*DIRECTIONS FOR THIS TASK*: Provide a verbatim copy of all the records below, leaving the images out.

Records contained in a dataset
::::::::::

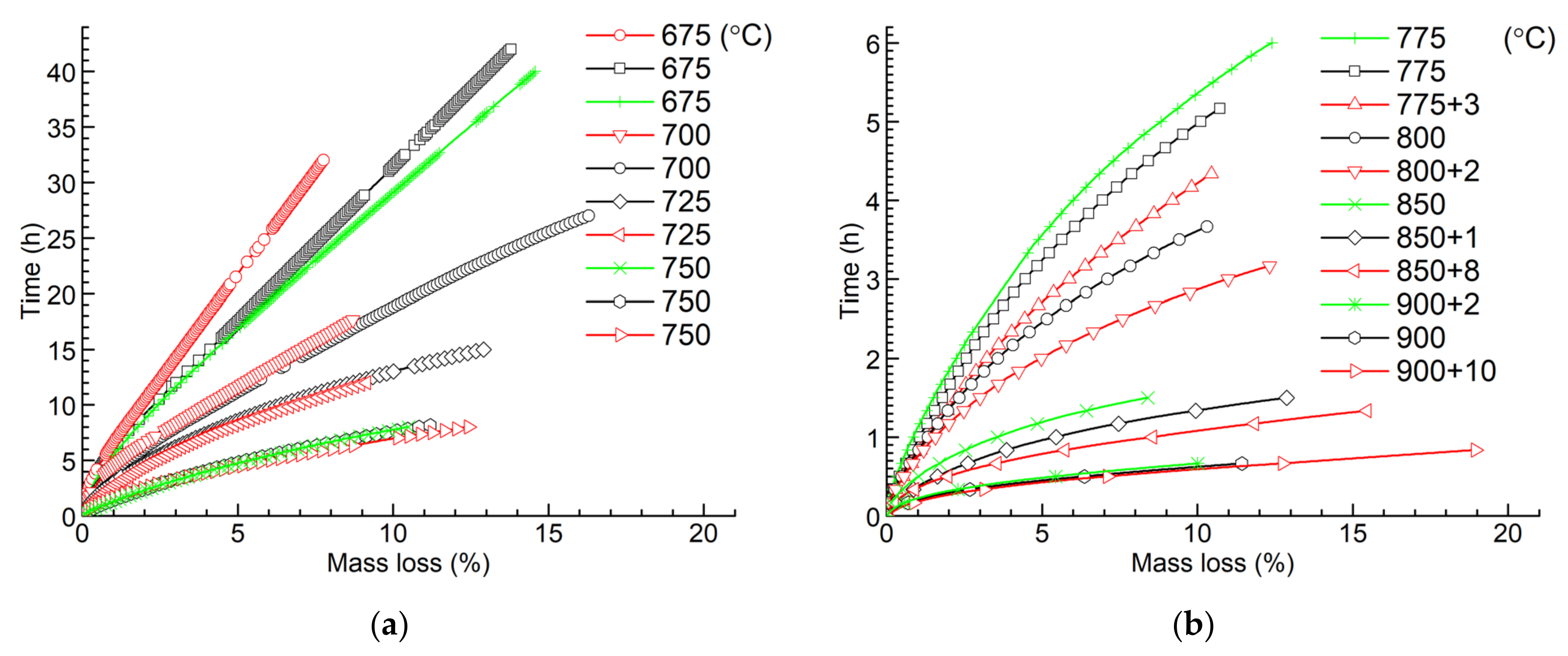 Energies 14 06392 g005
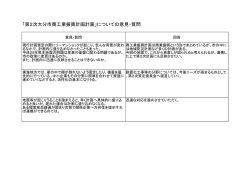 委員からの主な意見と質問及び市の回答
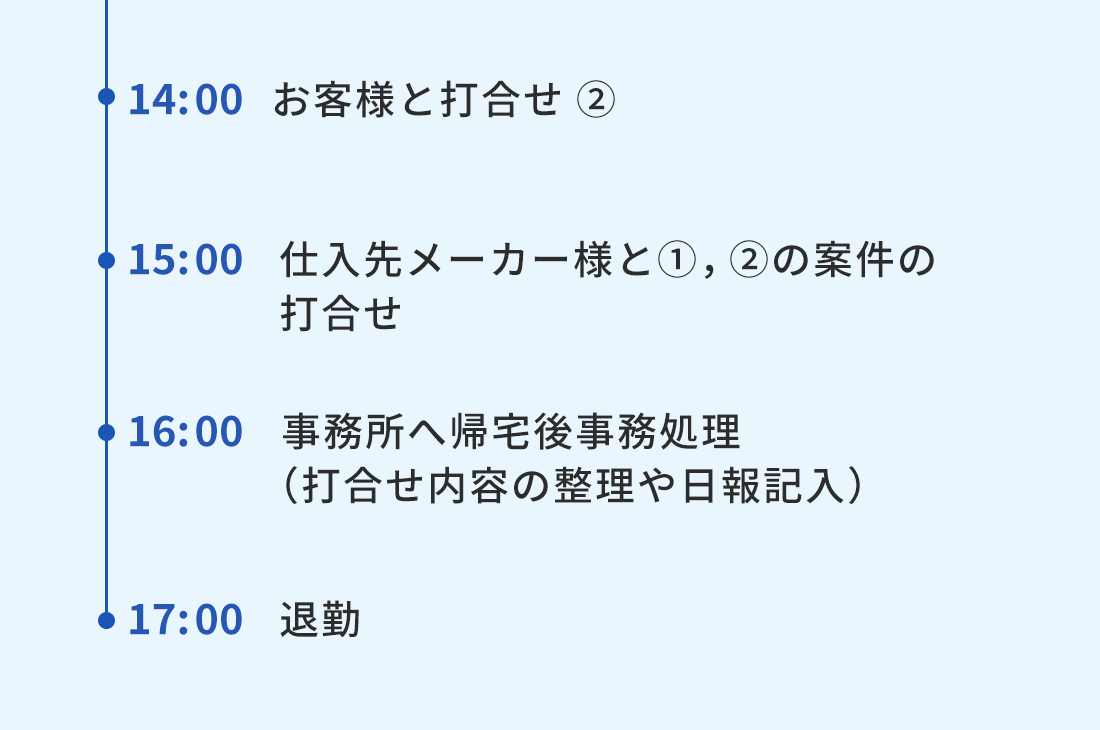 1日のスケジュール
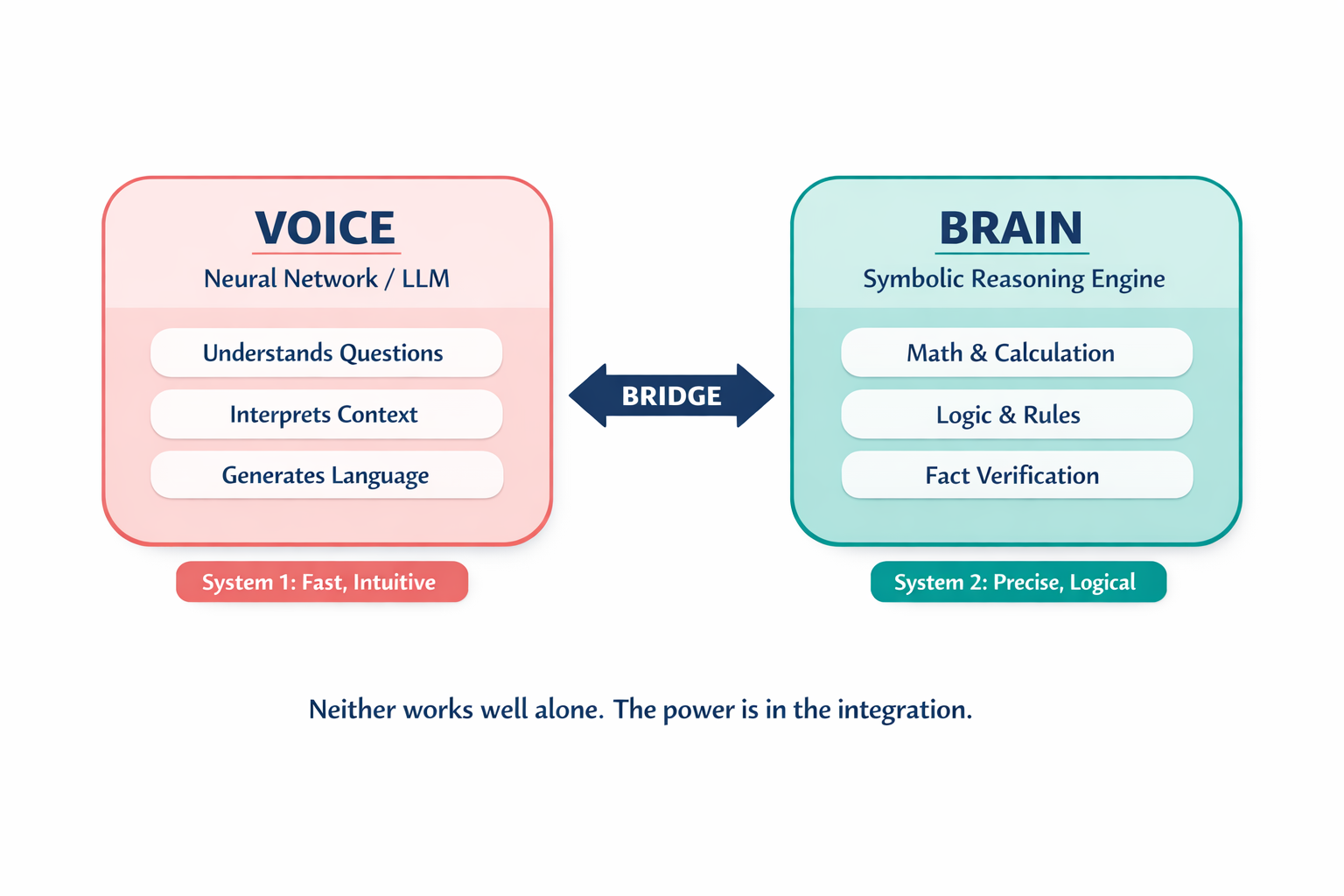 A labeled diagram showing the neuro-symbolic architecture — the LLM as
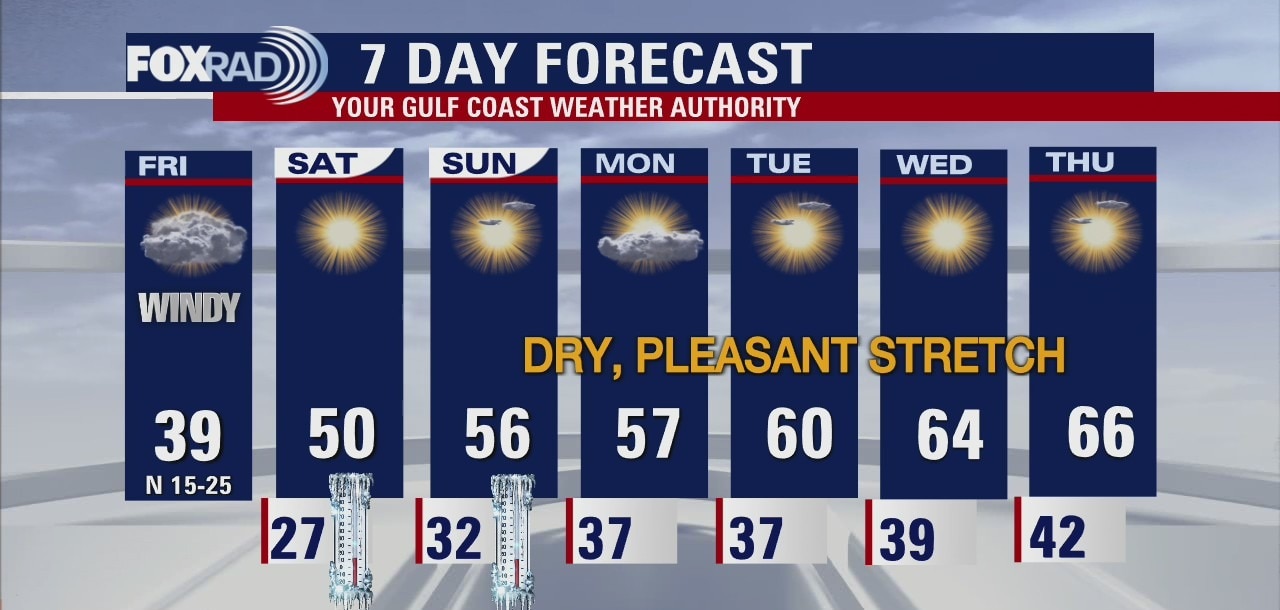 Friday afternoon weather forecast with Meteorologist Lena Maria Arango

::::::::::

*OUTPUT FOR THIS EXERCISE*:
 Energies 14 06392 g005
 委員からの主な意見と質問及び市の回答
 1日のスケジュール
 A labeled diagram showing the neuro-symbolic architecture — the LLM as
 Friday afternoon weather forecast with Meteorologist Lena Maria Arango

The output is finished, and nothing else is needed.